- **What you are asked to do**: Give every line of the data again, unchanged, but with no pictures.

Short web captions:

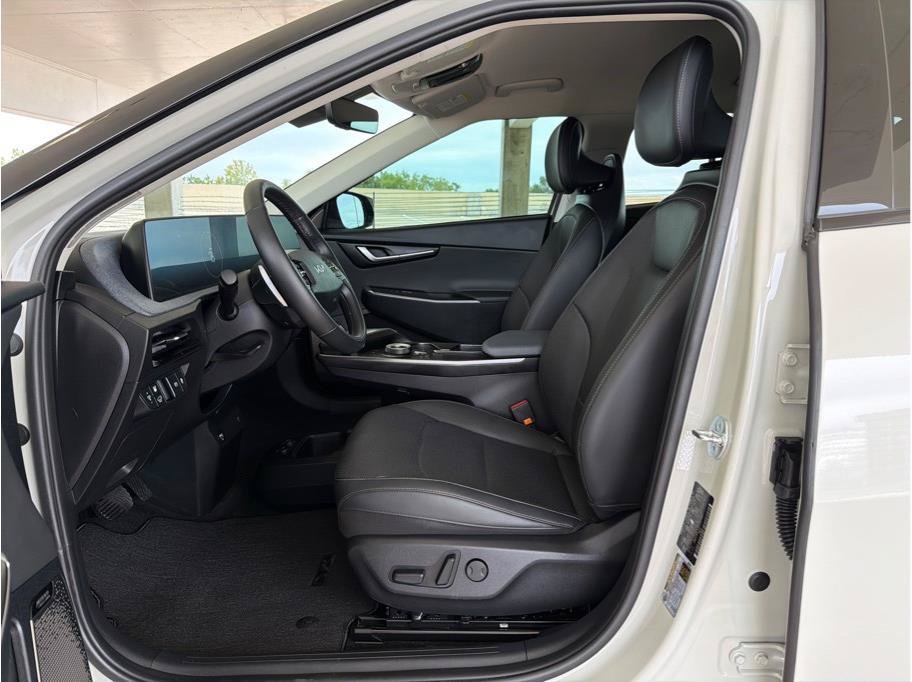 Used 2023 Kia EV6 Wind AWD/4WD image 10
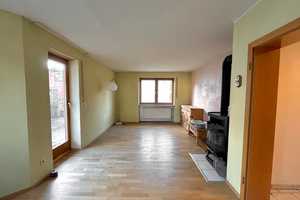 Dieses sehr geräumige, helle und individuelle Haus-2 Whg. möglich-freut sich in Wettstetten auf Sie – Eichstätt (Kreis) – Vorschaubild 6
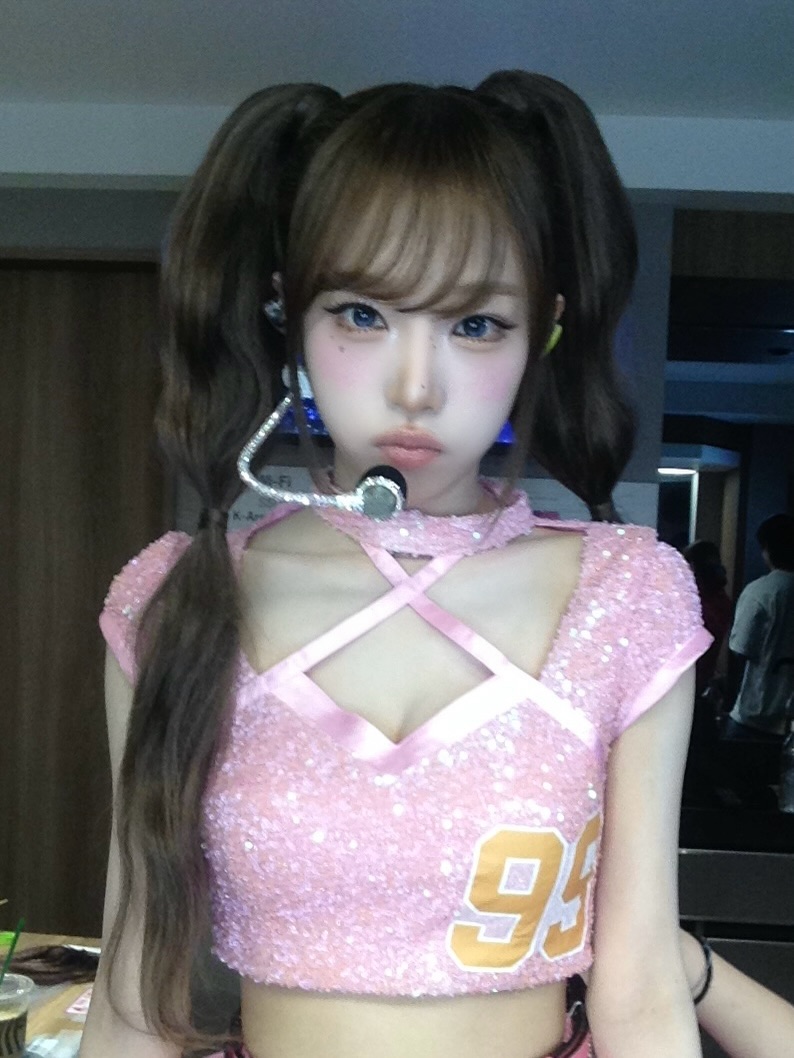 hourly yena tweet media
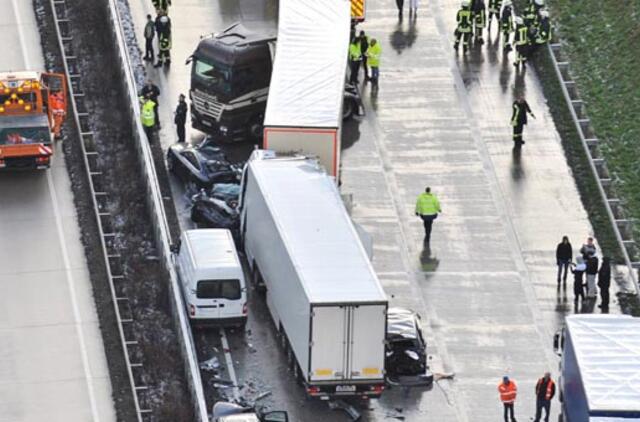 Per masinę autoavariją Vokietijoje susidūrė 40 automobilių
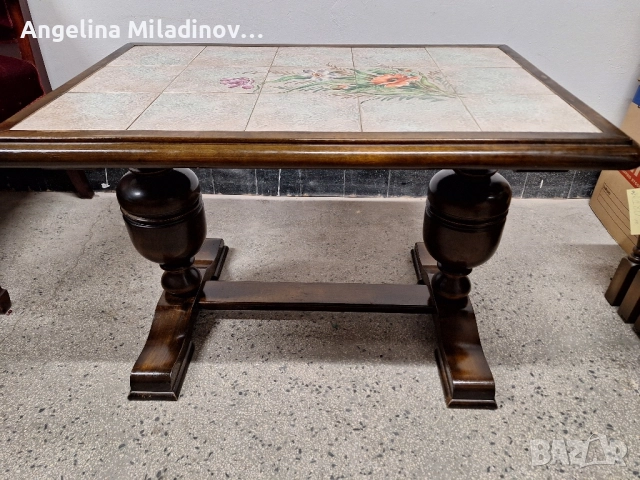 Винтидж маса за всекидневна с плочки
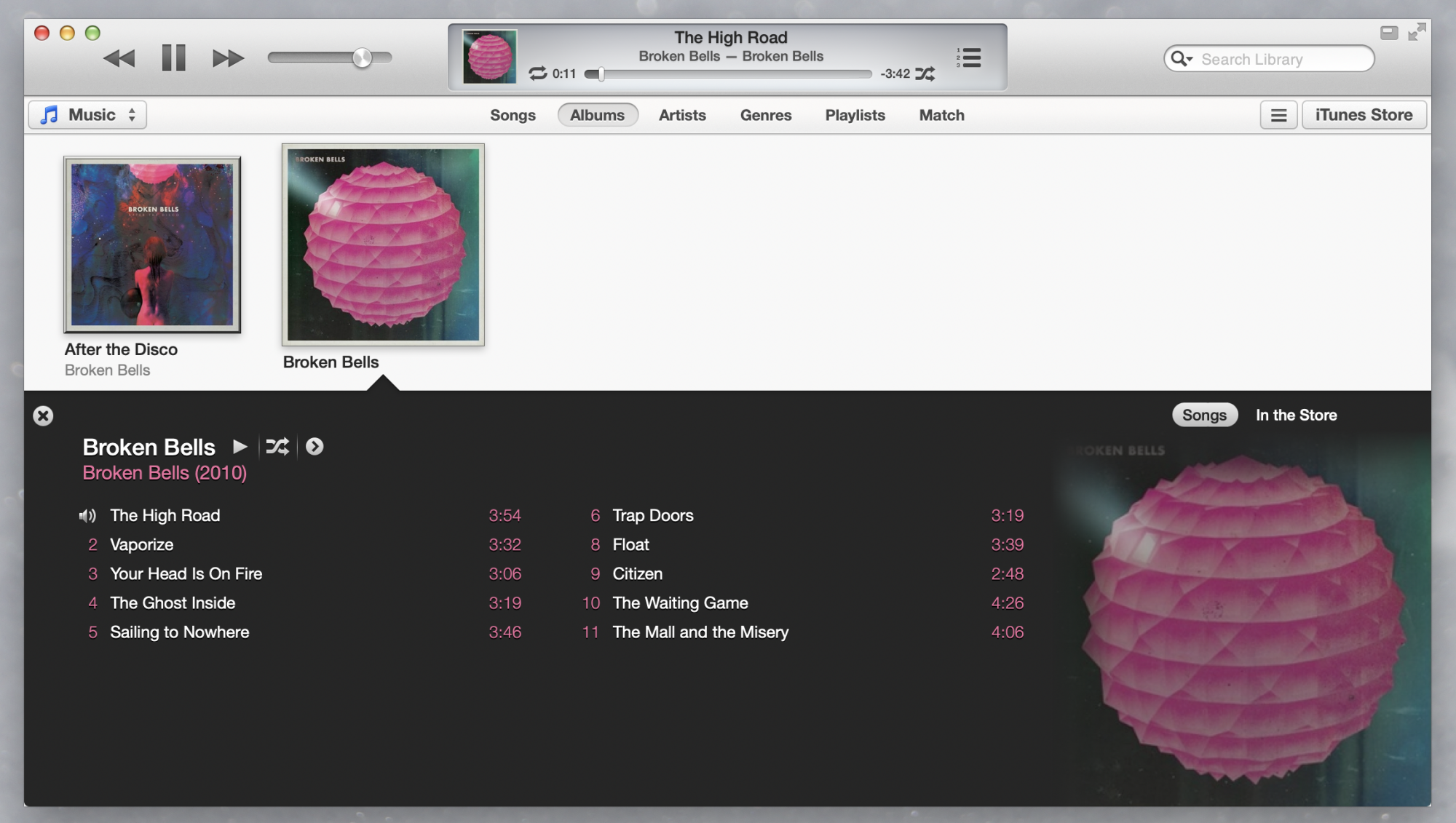 macOS Sonoma에서 실행되는 iTunes 11.4, 시대에 맞는 음악 재생.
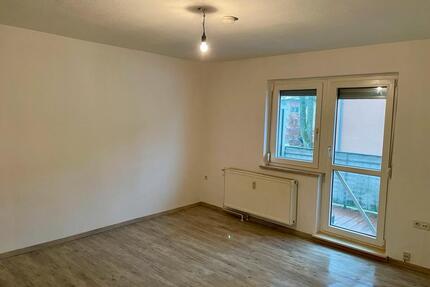 Schöne 1-Zimmer-Wohnung mit Balkon und Einbauküche in Rödental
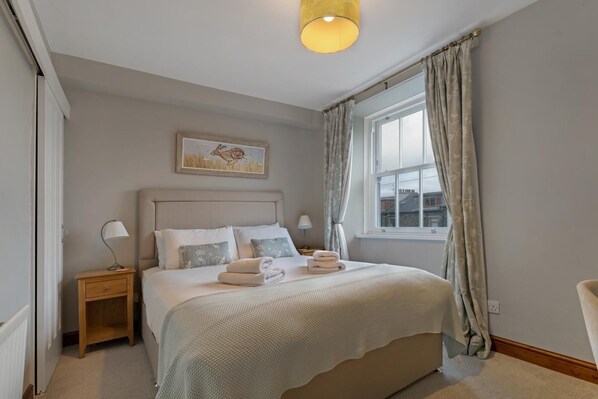 Iron/ironing board, travel cot, free WiFi, bed sheets - 3 Bed in Windermere (oc-lr044) (Windermere)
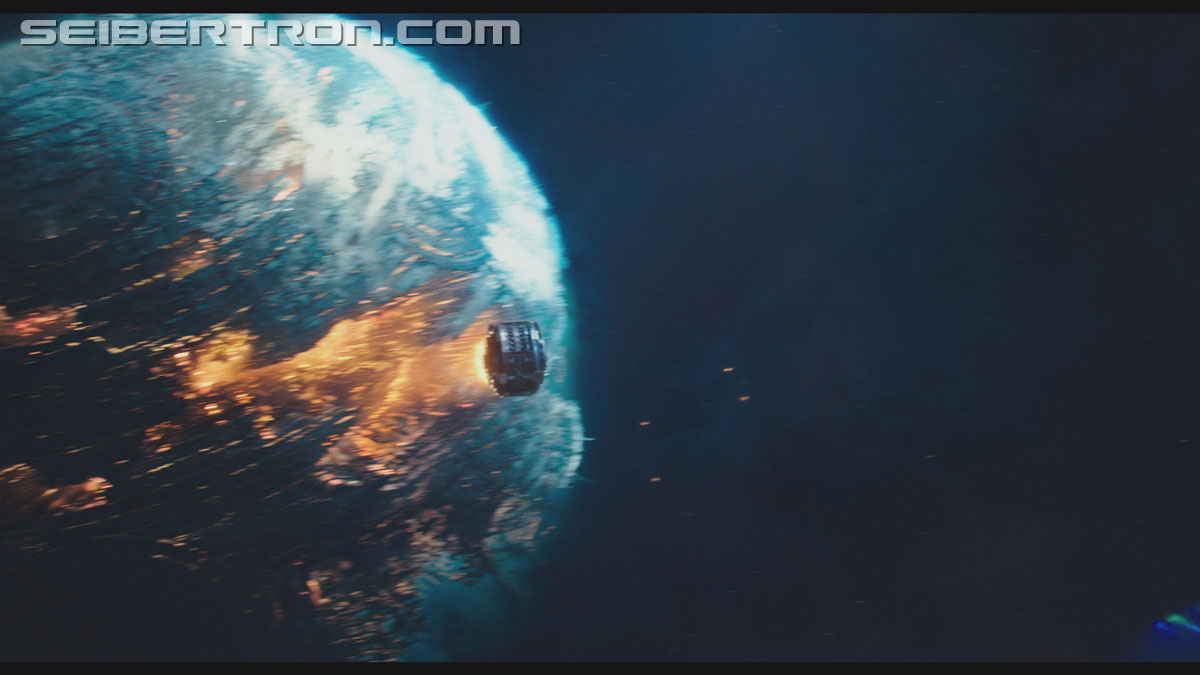 bumblebee-trailer-0498.jpg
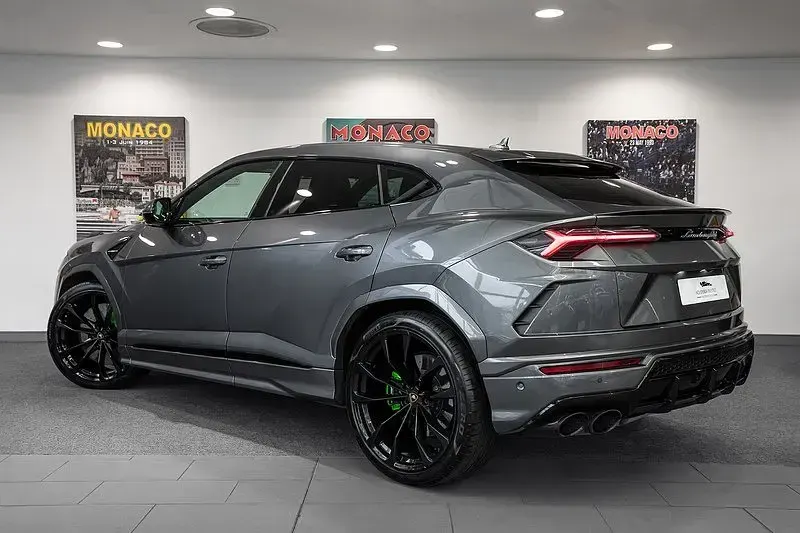 Used Lamborghini Urus 666 HP (489 kW) 2019 Grey SUV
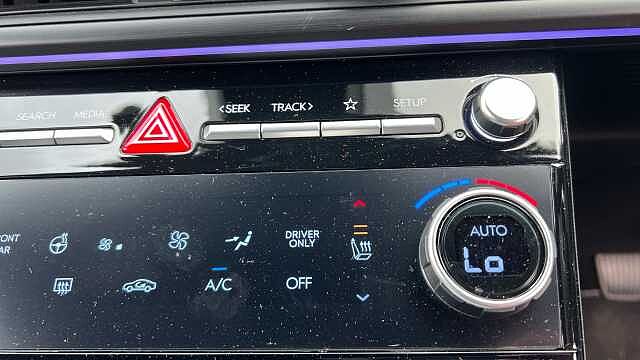 Hyundai SANTA FE Santa FE 7st 1.6TGDi Phev Clgy AU 4WD Typhoon Silver
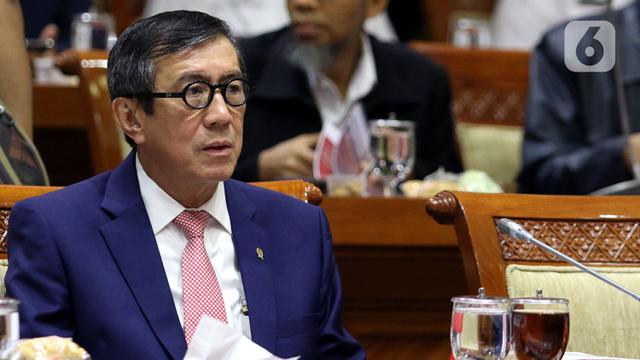 Menkumham Yasonna Rapat Kerja dengan Komisi III DPR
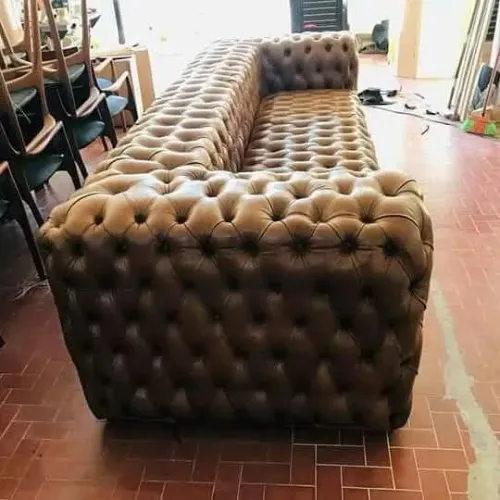Sofá e poltrona Chesterfield em até 12x sem juros
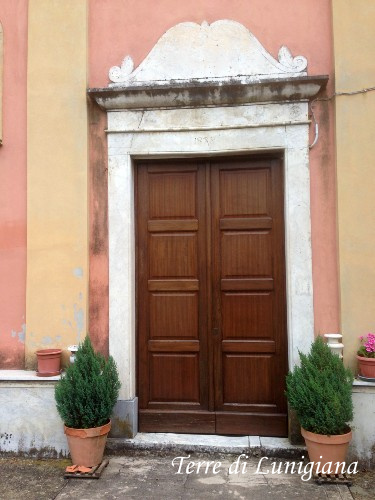 Il portale della chiesa di Careggia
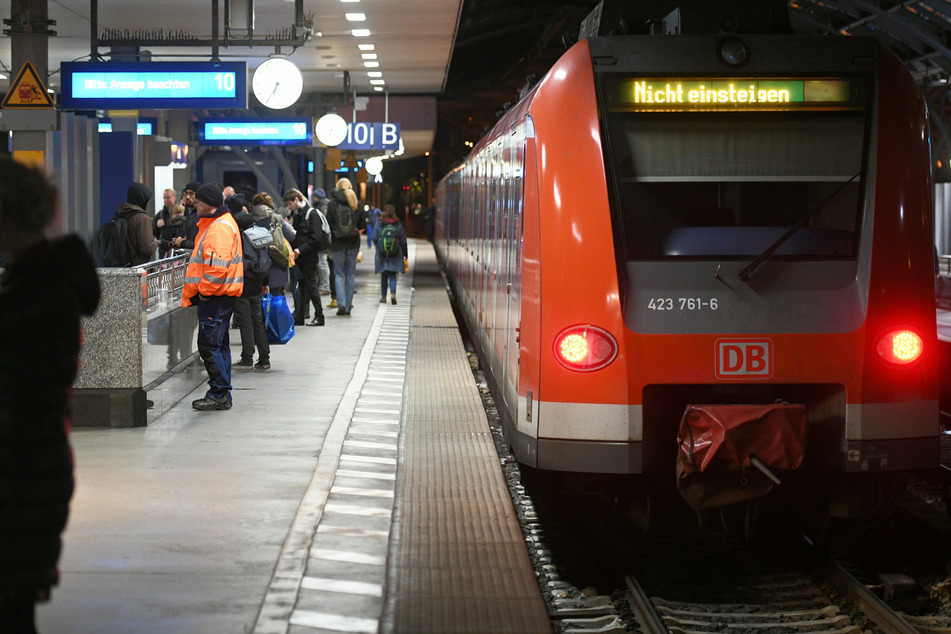 Schock-Moment in Köln: Betrunkener fällt gegen Zug und wird mitgezogen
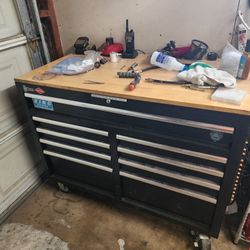 Husky 46" 9‑Drawer Mobile Workbench (Gloss Black) — Good Condition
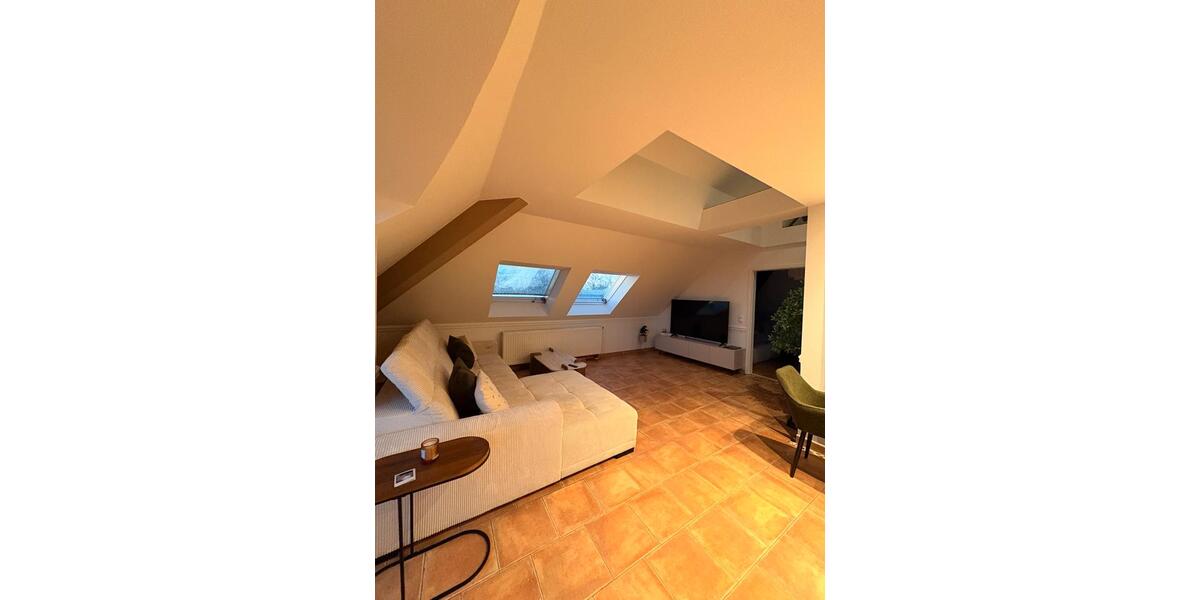 Dachgeschoßwohnung Gütersloh - 2 Zimmer, 85 m&sup2;, 1.100&euro; | Angebot:26041681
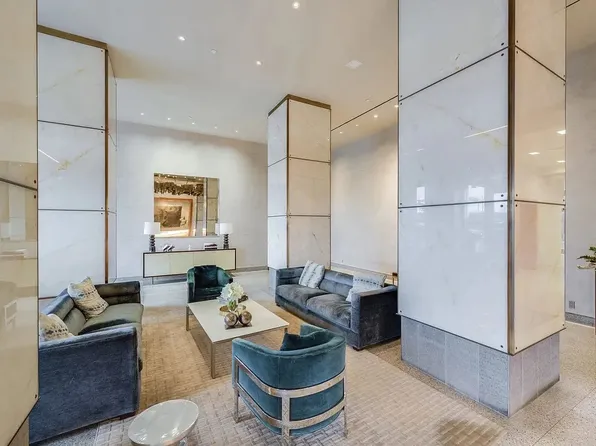 60 Riverside Boulevard image 1 of 1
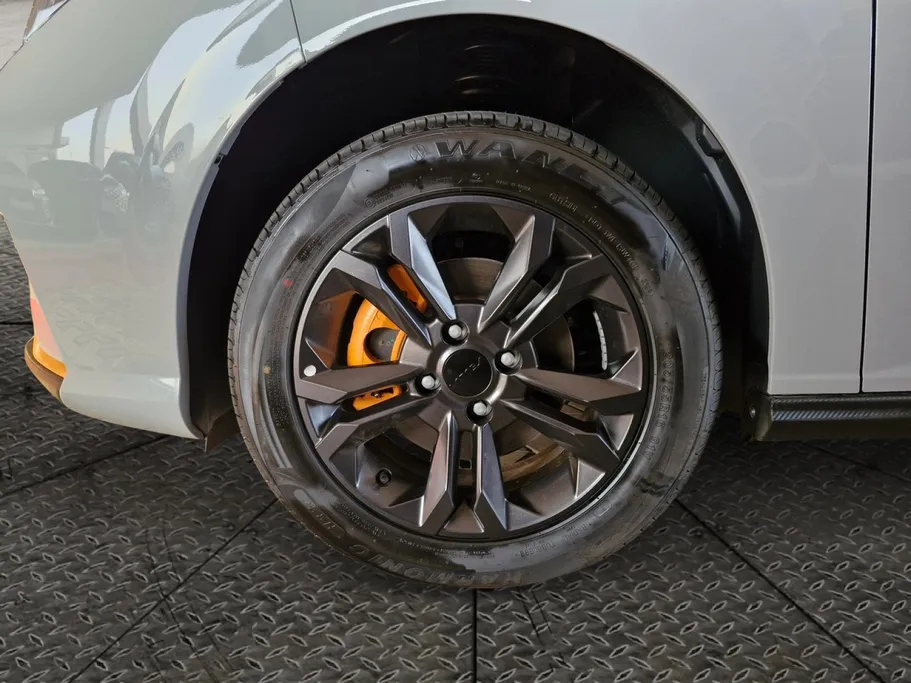 دونج فينج شاين E1 2025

- **Task output**:
 Used 2023 Kia EV6 Wind AWD/4WD image 10
 Dieses sehr geräumige, helle und individuelle Haus-2 Whg. möglich-freut sich in Wettstetten auf Sie – Eichstätt (Kreis) – Vorschaubild 6
 hourly yena tweet media
 Per masinę autoavariją Vokietijoje susidūrė 40 automobilių
 Винтидж маса за всекидневна с плочки
 macOS Sonoma에서 실행되는 iTunes 11.4, 시대에 맞는 음악 재생.
 Schöne 1-Zimmer-Wohnung mit Balkon und Einbauküche in Rödental
 Iron/ironing board, travel cot, free WiFi, bed sheets - 3 Bed in Windermere (oc-lr044) (Windermere)
 bumblebee-trailer-0498.jpg
 Used Lamborghini Urus 666 HP (489 kW) 2019 Grey SUV
 Hyundai SANTA FE Santa FE 7st 1.6TGDi Phev Clgy AU 4WD Typhoon Silver
 Menkumham Yasonna Rapat Kerja dengan Komisi III DPR
Sofá e poltrona Chesterfield em até 12x sem juros
 Il portale della chiesa di Careggia
 Schock-Moment in Köln: Betrunkener fällt gegen Zug und wird mitgezogen
 Husky 46" 9‑Drawer Mobile Workbench (Gloss Black) — Good Condition
 Dachgeschoßwohnung Gütersloh - 2 Zimmer, 85 m&sup2;, 1.100&euro; | Angebot:26041681
 60 Riverside Boulevard image 1 of 1
 دونج فينج شاين E1 2025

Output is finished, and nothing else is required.